Vortice d’immagini e parole

Il primo, Jorge de Sena, è tra le più significative figure della letteratura e della critica letteraria portoghese e non ha mai rivisto la sua patria, la seconda, Sophia de Mello Breyner, è stata una poeta di spicco, morta nel 2004. Quello da loro intessuto è un lungo dialogo all’insegna della riscoperta del senso della poesia e del senso della memoria, due elementi che qui diventano inestricabili, in un arco di tempo che va dal 1959 al 1978, anno della scomparsa di de Sena.

Film commovente di resurrezione per via onirica, fatto della stessa consistenza dei filmati casalinghi in super 8, Correspondências racchiude un corpo di visioni ibride perfettamente amalgamate tra loro, a loro volta in perfetta osmosi con le parole di poesia pronunciate. Se il film entra anche all’interno di quello che fu il fascismo salazariano, non è meno preciso nel disintegrare l’immaginario iconografico turistico, con parole precise quanto pungenti e con immagini seducenti messe velocemente in corto circuito, come quelle del 1971 a Città del Messico, esprimendo così quanto il colonialismo si sia nutrito e sostenuto di quest’immaginario.
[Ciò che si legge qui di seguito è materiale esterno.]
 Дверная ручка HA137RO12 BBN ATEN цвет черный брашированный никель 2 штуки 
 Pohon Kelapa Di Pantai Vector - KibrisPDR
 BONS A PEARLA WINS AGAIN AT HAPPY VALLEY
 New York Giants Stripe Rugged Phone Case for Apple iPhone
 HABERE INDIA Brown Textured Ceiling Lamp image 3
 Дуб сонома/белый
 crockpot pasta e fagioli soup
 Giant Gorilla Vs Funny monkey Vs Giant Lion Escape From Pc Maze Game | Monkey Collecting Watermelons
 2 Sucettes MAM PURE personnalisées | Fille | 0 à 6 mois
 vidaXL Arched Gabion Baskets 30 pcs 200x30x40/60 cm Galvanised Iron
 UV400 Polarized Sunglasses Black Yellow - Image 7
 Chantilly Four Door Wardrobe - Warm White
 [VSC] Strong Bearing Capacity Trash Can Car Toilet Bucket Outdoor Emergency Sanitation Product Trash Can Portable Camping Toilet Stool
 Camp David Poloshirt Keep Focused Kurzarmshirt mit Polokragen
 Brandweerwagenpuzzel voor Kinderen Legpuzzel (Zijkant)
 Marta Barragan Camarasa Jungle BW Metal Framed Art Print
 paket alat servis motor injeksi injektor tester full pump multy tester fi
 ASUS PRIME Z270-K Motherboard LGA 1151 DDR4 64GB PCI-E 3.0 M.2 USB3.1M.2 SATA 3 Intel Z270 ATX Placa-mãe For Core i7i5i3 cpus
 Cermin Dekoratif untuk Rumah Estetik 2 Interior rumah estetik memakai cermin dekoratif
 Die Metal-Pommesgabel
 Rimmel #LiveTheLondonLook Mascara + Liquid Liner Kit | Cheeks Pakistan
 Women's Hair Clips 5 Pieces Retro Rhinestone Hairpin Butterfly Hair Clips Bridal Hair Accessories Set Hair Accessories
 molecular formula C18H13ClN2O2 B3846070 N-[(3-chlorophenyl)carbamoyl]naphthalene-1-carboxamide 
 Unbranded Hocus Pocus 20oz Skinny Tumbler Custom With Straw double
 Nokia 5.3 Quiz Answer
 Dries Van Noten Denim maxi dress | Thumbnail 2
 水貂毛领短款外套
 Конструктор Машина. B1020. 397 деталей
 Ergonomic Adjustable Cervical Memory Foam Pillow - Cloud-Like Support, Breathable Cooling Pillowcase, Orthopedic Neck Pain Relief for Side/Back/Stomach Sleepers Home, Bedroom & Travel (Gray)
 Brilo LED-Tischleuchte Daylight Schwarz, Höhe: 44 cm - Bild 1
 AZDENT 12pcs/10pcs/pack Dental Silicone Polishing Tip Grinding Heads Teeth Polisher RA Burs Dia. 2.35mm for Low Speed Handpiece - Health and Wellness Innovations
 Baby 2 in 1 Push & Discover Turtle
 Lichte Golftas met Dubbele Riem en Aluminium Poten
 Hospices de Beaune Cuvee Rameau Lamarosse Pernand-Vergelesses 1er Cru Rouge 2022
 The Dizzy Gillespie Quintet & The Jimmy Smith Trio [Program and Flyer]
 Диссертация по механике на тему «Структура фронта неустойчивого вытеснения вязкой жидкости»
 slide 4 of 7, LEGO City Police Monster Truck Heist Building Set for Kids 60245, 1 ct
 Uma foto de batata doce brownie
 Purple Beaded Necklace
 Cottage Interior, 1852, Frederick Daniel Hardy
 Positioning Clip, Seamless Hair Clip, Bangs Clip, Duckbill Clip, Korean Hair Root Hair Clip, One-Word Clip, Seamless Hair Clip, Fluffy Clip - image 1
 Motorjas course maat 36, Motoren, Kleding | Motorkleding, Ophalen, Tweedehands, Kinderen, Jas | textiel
In questo vortice d’immagini e parole, certe dissertazioni, se messe in relazione con l’intero film, prendono una risonanza più profonda di altre. Sono parole che riportiamo con qualche perdonabile imprecisione. “L’intensità del vuoto e l’intensità della comunione, due elementi contraddittori”, ci fa pensare che è difficile dire se stiamo parlando della poesia o della vita.

“Il mio ricordo più antico è quello di una stanza sul mare con sul tavolo un’enorme mela rossa. Non vi era nulla di fantastico, semplicemente scoprivo il reale”, ci spiega perché l’onirico è già nella realtà e viceversa. Ma soprattutto “La vita sarebbe la lotta d’immagini che non vogliono morire”. Quale miglior epitaffio per un film che non solo non vuole morire ma che pare sognare la resurrezione dell’umanità e della sua antica grandezza?